━━━ Source material ━━━
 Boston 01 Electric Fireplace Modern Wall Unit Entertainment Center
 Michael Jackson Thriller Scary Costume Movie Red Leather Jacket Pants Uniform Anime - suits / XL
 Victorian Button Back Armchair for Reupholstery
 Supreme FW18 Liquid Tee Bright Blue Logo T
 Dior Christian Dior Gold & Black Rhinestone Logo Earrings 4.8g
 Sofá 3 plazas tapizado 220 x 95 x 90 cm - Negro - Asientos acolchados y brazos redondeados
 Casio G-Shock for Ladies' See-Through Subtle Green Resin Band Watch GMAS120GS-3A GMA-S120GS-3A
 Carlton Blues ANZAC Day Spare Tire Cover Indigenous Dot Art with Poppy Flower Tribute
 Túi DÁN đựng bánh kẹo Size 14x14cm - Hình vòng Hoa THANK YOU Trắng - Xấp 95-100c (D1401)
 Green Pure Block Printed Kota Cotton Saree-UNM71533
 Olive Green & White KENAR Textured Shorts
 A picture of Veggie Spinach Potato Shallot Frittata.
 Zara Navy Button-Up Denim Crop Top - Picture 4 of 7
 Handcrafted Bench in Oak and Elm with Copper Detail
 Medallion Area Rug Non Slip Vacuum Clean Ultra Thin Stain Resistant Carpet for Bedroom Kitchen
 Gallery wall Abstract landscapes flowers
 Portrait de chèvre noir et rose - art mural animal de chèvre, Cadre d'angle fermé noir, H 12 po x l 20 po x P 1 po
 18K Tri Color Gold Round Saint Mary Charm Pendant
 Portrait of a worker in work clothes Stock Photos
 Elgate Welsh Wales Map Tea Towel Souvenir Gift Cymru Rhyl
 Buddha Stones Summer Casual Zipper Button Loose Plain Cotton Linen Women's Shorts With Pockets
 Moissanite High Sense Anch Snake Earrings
━━━
**Work task**. Which lines above contain the word "Shorts"? List them.

**Answer area**.
 Olive Green & White KENAR Textured Shorts
 Buddha Stones Summer Casual Zipper Button Loose Plain Cotton Linen Women's Shorts With Pockets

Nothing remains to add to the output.